En mettant la technologie au service de l'éveil et de l'expérience de lecture des enfants, Emmanuelle Duez a voulu réinventer un outil éducatif :
en valorisant la curiosité naturelle des plus jeunes ;
en renforçant la compréhension du monde qui les entoure ;
en les éloignant de la passivité des écrans.
Dans un monde de plus en plus dominé par les écrans, Bugali propose une approche innovante et positive de la technologie au service des enfants.
« La tech, c'est fantastique, les enfants grandissent dans un univers de technologie de pointe ultra-digitalisée et on n'a rien trouvé de mieux que de les mettre 2 heures par jour devant un écran avant l'âge de 2 ans pour les transformer en espèce de plancton qui reçoit une information que d'ailleurs, ils ne comprennent pas. La tech, c'est autre chose. On ne la subit pas la tech, on la façonne, c'est de la pâte à modeler. Et donc ce que je voulais faire, c'était mettre la tech au service de cette expérience de lecture, mettre la tech au service de l'éveil au monde des enfants. »
Pour Emmanuelle Duez, Bugali est une réponse à l'urgence de repenser le rôle de la technologie dans la vie des enfants. Elle offre une alternative qui respecte leur développement tout en stimulant leur imagination. Et l'objectif est clair : « mettre la technologie au service de l'éveil et de la curiosité des enfants, sans sacrifier l'essence même du livre papier ». En créant une interaction tactile et sonore avec le livre, Bugali réinvente le plaisir de la lecture.
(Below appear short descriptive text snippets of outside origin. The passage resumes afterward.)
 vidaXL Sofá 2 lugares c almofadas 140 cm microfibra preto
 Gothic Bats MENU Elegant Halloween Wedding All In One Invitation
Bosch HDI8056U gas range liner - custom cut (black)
Cette console de lecture permet aux enfants de vivre une expérience active, loin de la passivité des écrans traditionnels.
Politiser l'enfance : une vision d'avenir
En conclusion de l'épisode, Emmanuelle Duez a de nouveau insisté sur l'importance de politiser l'enfance afin de garantir un avenir meilleur.
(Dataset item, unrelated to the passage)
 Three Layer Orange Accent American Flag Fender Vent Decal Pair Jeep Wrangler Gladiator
« Ce que je souhaite à notre société au sens politique du terme puisque finalement, c'est une synthèse de mon approche : faire de l'enfance, le cœur d'une nouvelle vision politique pour la France ».
Elle appelle à placer les enfants au centre des discussions, non pas en tant que sujets passifs nécessitant une protection, mais en tant qu'acteurs majeurs de la société de demain. Elle rappelle que chaque décision publique doit être prise avec l'impact sur les générations futures à l'esprit.
Son appel à l'action s'adresse aussi bien aux décideurs politiques qu'aux citoyens. Elle souhaite que les parents, les adultes qui entourent les enfants prennent soin d'eux et « prennent conscience et se rappellent à chaque instant à quel point l'enfance représente cette fantaisie, cette liberté qu'on a peut-être perdue ou trop abîmée. ».
Elle aimerait que les enfants aient juste à être des enfants, à être libres de l'être. Elle fait référence à Christian Bobin qui dit que « les enfants sont comme les marins. Où se portent leurs yeux, partout c'est immense ». Elle désire que les enfants conservent toute leur vie cette capacité à regarder le monde avec émerveillement et à percevoir l'immensité des possibles. C'est aussi un vœu pour les adultes, qu'ils puissent « se rappeler à quel point c'est précieux, nous qui sommes désabusés et névrosés, de protéger en fait cet horizon dans les yeux des enfants ».